Blue Moon (Jack Reacher #24)(88)
“Why?”
“I want the guy distracted. He’ll watch you all the way. Partly because maybe you’re a new customer, but mostly because you’re the best-looking thing he’s seen all day. Maybe all his life. Ignore the barman, whatever he says. He’s an asshole.”
“Got it,” she said.
“You want a gun?”
“Should I?”
“Can’t hurt,” he said.
“OK,” she said.
He gave her the lounge doorman’s H&K. It looked dainty in his hand and huge in hers. She hefted it a couple of times, and stuck it in her pocket. She headed off down the alley. Reacher found the bar’s back door. It was a plain steel panel, dull and old, scarred and dented low down, by hand trucks wheeling kegs and crates. He tried the handle. It was unlocked. No doubt a city regulation. It was a fire exit, too.
Reacher slipped inside. He was at the far end of a short corridor. Restrooms to the left and right. Then a door for employees only. An office, or a storeroom. Or both. Then the end of the corridor, and the room itself, seen in reverse. The square bar now in the near right corner, the worn central track leading away, between the long rows of four-top tables. The same as before. The light was still dim and the air still smelled of spilled beer and disinfectant. This time there were five customers, once again each of them alone at separate tables, defending their drinks, looking miserable. Behind the bar was the same fat guy, now with a six-day beard, but a fresh towel thrown over his shoulder.
The pale guy was at the back table on Reacher’s left. The same as before. Luminescent in the gloom. Glittering hair. Thick white wrists, big white hands, a thick black ledger. The same black suit, the same white shirt, the same black silk necktie. The same tattoo.
Abby stepped in the street door. She stood still as it closed behind her.
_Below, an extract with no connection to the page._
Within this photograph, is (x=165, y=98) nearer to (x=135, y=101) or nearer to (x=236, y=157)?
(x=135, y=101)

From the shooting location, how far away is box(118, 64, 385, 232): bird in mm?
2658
Performance art. Every eye was on her. She was softly backlit by the dull neon in the windows. Petite and gamine, neat and slender, dressed all in black. Short dark hair, lively dark eyes. A shy but contagious smile. A stranger, dropping by, hoping for a welcome.
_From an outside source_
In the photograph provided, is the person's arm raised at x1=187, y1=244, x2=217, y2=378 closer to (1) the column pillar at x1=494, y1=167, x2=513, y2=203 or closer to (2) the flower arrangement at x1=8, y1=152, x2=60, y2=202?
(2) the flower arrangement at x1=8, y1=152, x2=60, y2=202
She didn’t get one. All five customers looked away. But the barman didn’t. Neither did the pale guy. She set out walking and they watched her all the way.
Reacher took a step. He was six feet behind the pale guy, and six feet to the side, no doubt in the corner of his eye, but hopefully Abby was filling all of it. She kept on coming, and he took another step.
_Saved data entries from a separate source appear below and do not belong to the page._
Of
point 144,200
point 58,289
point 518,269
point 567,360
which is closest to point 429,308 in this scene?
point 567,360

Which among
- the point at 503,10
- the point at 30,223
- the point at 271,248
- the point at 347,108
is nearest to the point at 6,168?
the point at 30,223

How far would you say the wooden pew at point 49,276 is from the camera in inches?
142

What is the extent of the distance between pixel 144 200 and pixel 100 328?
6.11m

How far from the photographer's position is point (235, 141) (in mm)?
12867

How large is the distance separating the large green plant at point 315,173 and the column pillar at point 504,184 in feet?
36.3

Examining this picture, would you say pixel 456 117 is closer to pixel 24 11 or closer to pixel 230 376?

The barman called out, “Hey.”
He had been in the corner of the barman’s eye, too. Six feet behind, six feet to the side. All kinds of things happened next. Like a complex ballet. Like a triple play in baseball. The pale guy glanced back, started to get up, Reacher stepped away, toward the bar, where he grabbed the barman’s fat head in both hands, and jumped up and thrust it down and smashed it on the mahogany, like dunking a basketball from way high in the air, and he used the bounce of his landing to pivot back to the pale guy, one step, two, and he hit him with a colossal straight right, all his moving mass behind it, center of the guy’s face as he rose up from his chair, and the guy disappeared backward like he had been shot out of a cannon. He slid and sprawled on the floor, flat on his back, blood coming out of his nose and his mouth.
All five customers got up and hurried out the door. Maybe a traditional local response, in such situations. In which case Reacher applauded the habit. It left no witnesses. There were blood and teeth on the bar top, but the barman himself had fallen backward out of sight.
“I guess he didn’t watch me all the way,” Abby said.
“I told you,” Reacher said. “He’s an asshole.”
They crouched next to the pale guy and took his gun and his phone and his car key and what looked like about eight thousand dollars from his pockets. His nose was badly busted. He was breathing through his mouth. Flecks of blood were bubbling at the corners of his lips. Reacher remembered him tapping his glittering head with his bone-white finger. Some kind of a threatening implication. He thought, how the mighty are fallen.
He said, “Yes or no?”
Abby was quiet a beat.
Then she said, “Yes.”
Reacher clamped his palm over the guy’s mouth. Hard to keep it there, because it was slippery with blood. But he prevailed. The guy wasted time scrabbling for his pocket, looking for his gun, which was no longer there, and then he wasted the rest of his life drumming his heels and clawing uselessly at Reacher’s wrist. Eventually he went limp, and then still.
* * *
—
They took the pale guy’s Lincoln, because its trunk was empty. It rode much better. They drove downtown and parked on a hydrant around a corner from the Shevicks’ hotel. Abby checked the new phone. No new texts. Nothing since the conspiracy theory from Gregory.
“Was it from his own number?” Reacher asked.
Abby compared it with previous texts.
“I guess,” she said. “It isn’t the usual number.”
“We should call him again. Keep him updated.”
Abby dabbed a shortcut from the text screen and put the phone on speaker. They heard it ring. They heard it answered. Gregory said a word, short and urgent, probably not hello. Probably shoot, or yes, or what.
“Speak English,” Reacher said.
“You.”
“You just lost two more. I’m coming for you, Gregory.”